As ações coletivas, ou ações "sem rosto"3, no âmbito das relações de trabalho ganham importância como mecanismo assecuratório do acesso à justiça. No entanto, o simples reconhecimento do direito material violado não é capaz por si só de restaurar o status quo violado. Medidas executivas, a serem tomadas na fase de execução do processo, revelam-se necessárias para assegurar a efetividade do comando condenatório fruto da fase de cognição processual.

A fase executiva tendente à realização prática do direito material coloca em discussão diversas controvérsias acerca da competência do Juízo.
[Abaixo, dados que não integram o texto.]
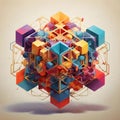 image of geometric metatron cube pattern artwork. Royalty Free Stock Photo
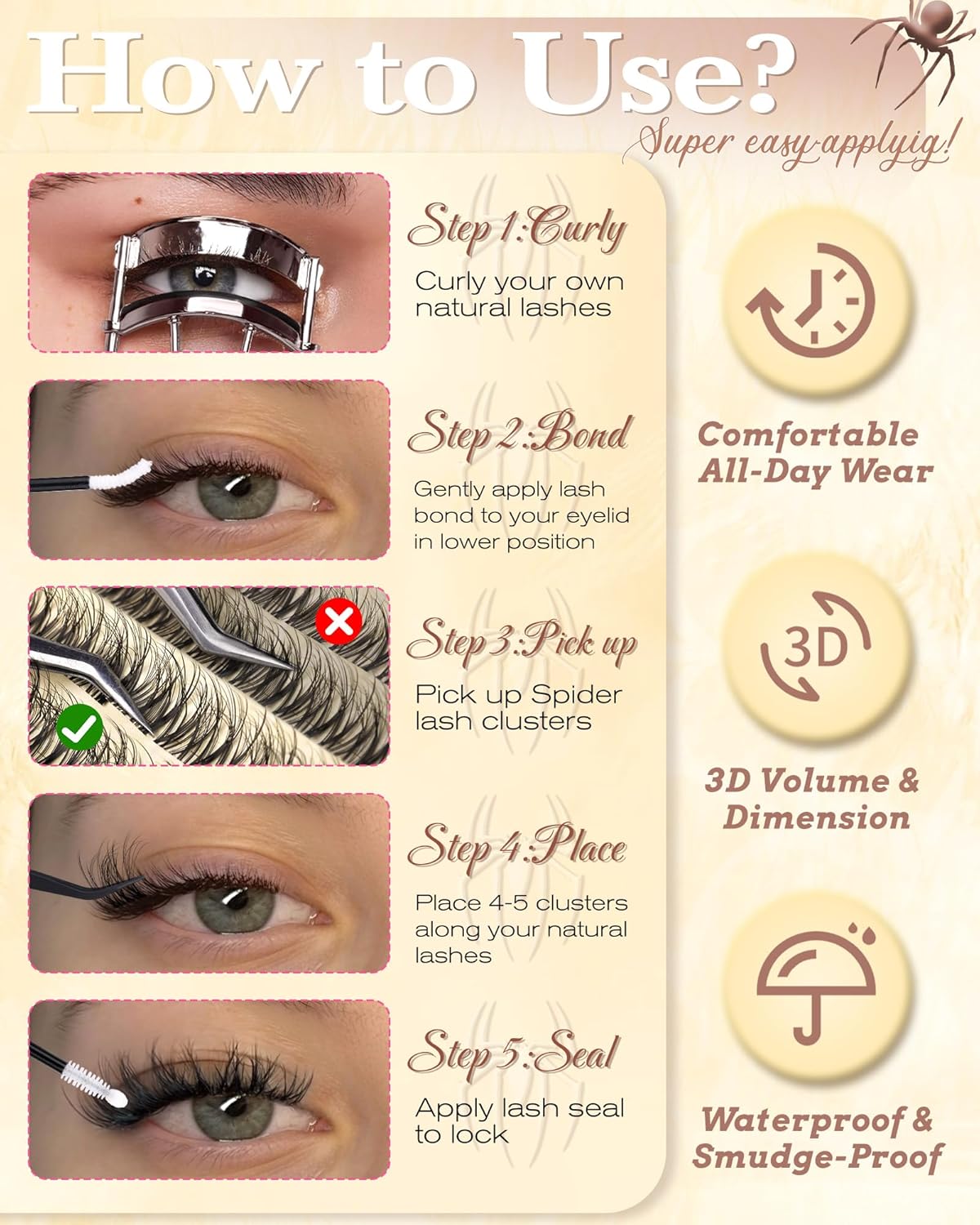 Eyelash Clusters Kit - Natural Wispy D Curl Extensions | 8-16mm Fluffy Individual Lashes for Daily Wear & Parties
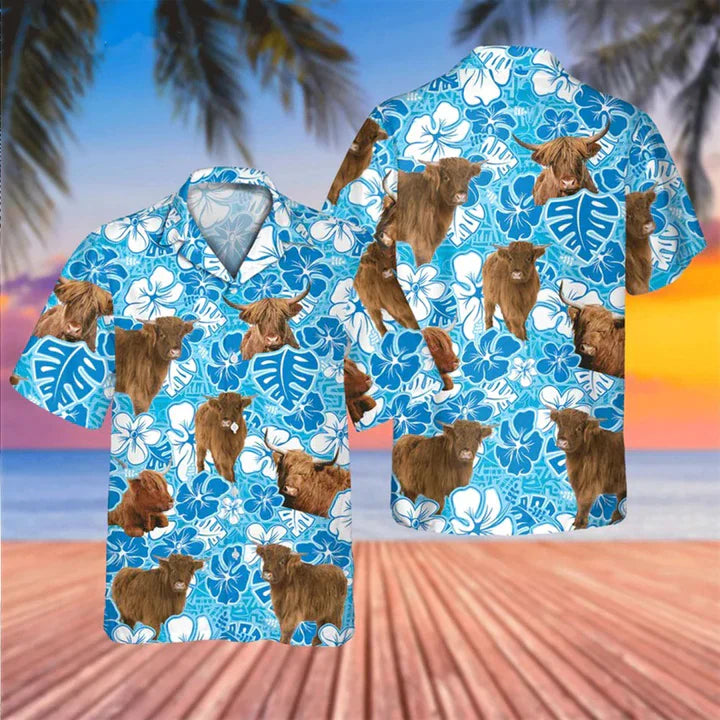 Blue Floral Highland Cow Highland Cow Hawaiian Shirt 0624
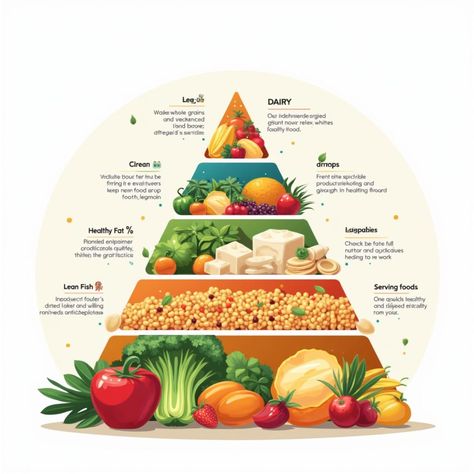 Unlocking the New Era of Nutrition: The Updated Food Pyramid Guide Vegetarian Food Pyramid, Food Pyramid Kids, Vegan Food Pyramid, Colorful Infographic, Nutrition Guidelines, Balanced Nutrition, Food Pyramid, Free Meal, Daily Vitamins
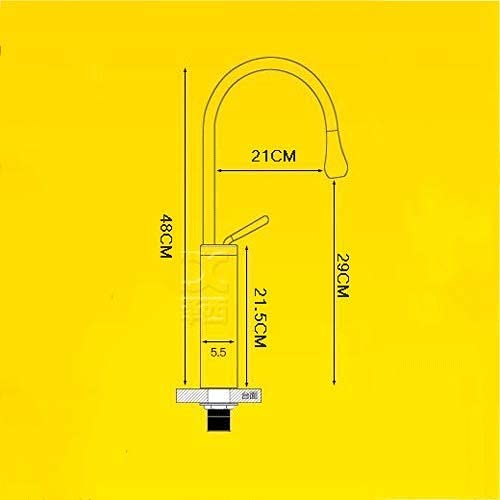 Mitigeur d'évier de cuisine en laiton chromé blanc 48cm à double levier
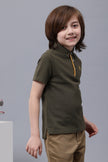 One Friday Kids Boys Olive Green Polo-Neck T-Shirt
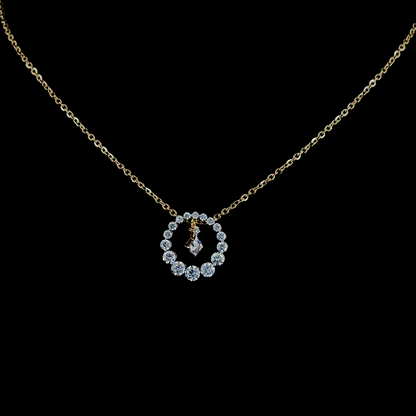 Mixed Round Lab Diamond Pendant in 14K Yellow Gold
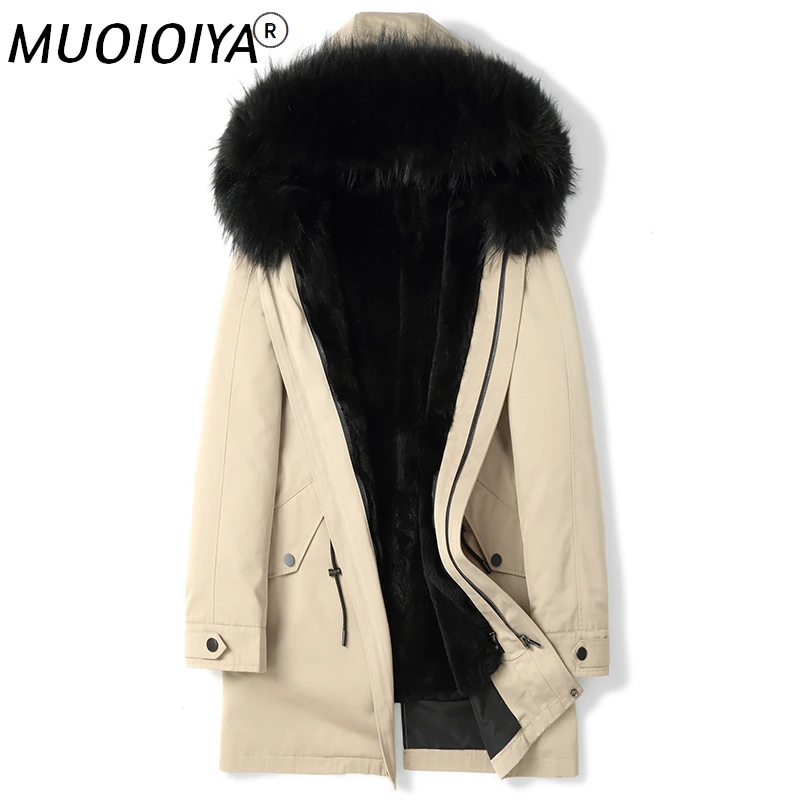 

MUOIOYIA Winter Jacket Real Fur Coat Men Parka Natural Rabbit Fur Liner Raccoon Fur Hooded Warm Parkas De Hombre D09A9705 KJ3744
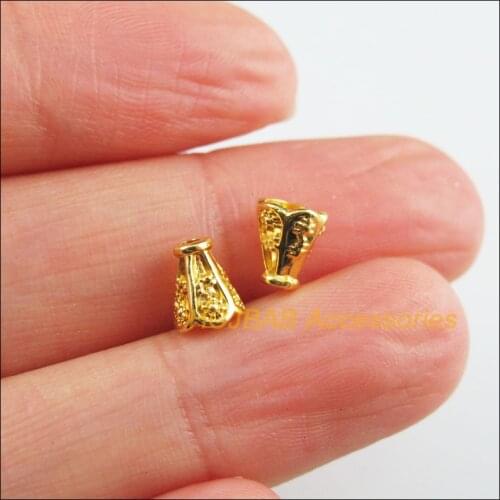 Fashion 120Pcs Gold Color Horn Flower Cone End Bead Caps Connectors 5.5x6.5mm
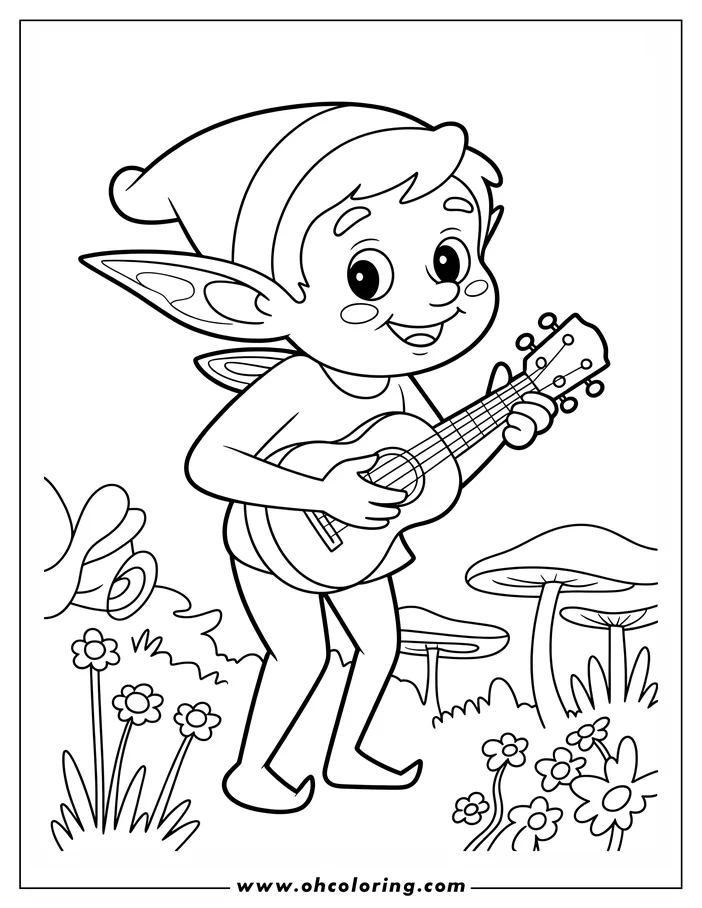Line art of a Christmas elf playing a ukulele in a field of flowers and mushrooms.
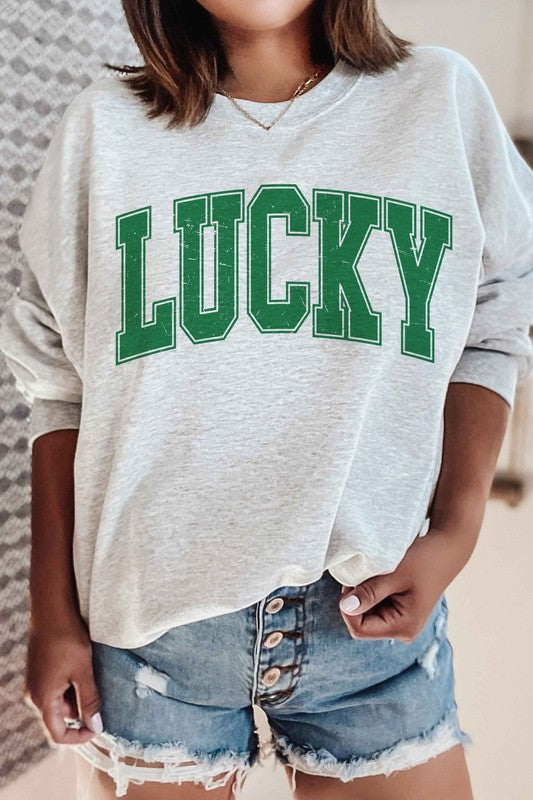 LUCKY ST PATRICKS DAY GRAPHIC SWEATSHIRT - lolaluxeshop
Em razão da delimitação do objeto em estudo, deteremos à investigação acerca da natureza jurídica da competência para execução individual ou coletiva, envolvendo direitos metaindividuais reconhecidos em sentenças proferidas em ações civis públicas ou outras ações coletivas manejadas pelos legitimados extraordinários.

Para responder à indagação, abordar-se-á no primeiro momento os princípios constitucionais aplicáveis ao processo, dentre os quais o do acesso à justiça, em suas vertentes material e formal, o da efetividade da prestação jurisdicional e o da proteção ao trabalhador.

Apresentados os princípios constitucionais que devem nortear a interpretação do direito processual, serão apresentadas as vias de liquidação das sentenças coletivas para, então, partir para a investigação acerca do Juízo competente a fim de processar e julgar a execução desse título judicial.

2. As ações coletivas à luz dos princípios constitucionais
2.1. O acesso à justiça como direito fundamental

A interpretação limitada à literalidade do art. 5º, XXXV, da Constituição da República de 1988, pode provocar conclusões precipitadas e, consequentemente, imprecisas, acerca do verdadeiro alcance do princípio fundamental do acesso à justiça.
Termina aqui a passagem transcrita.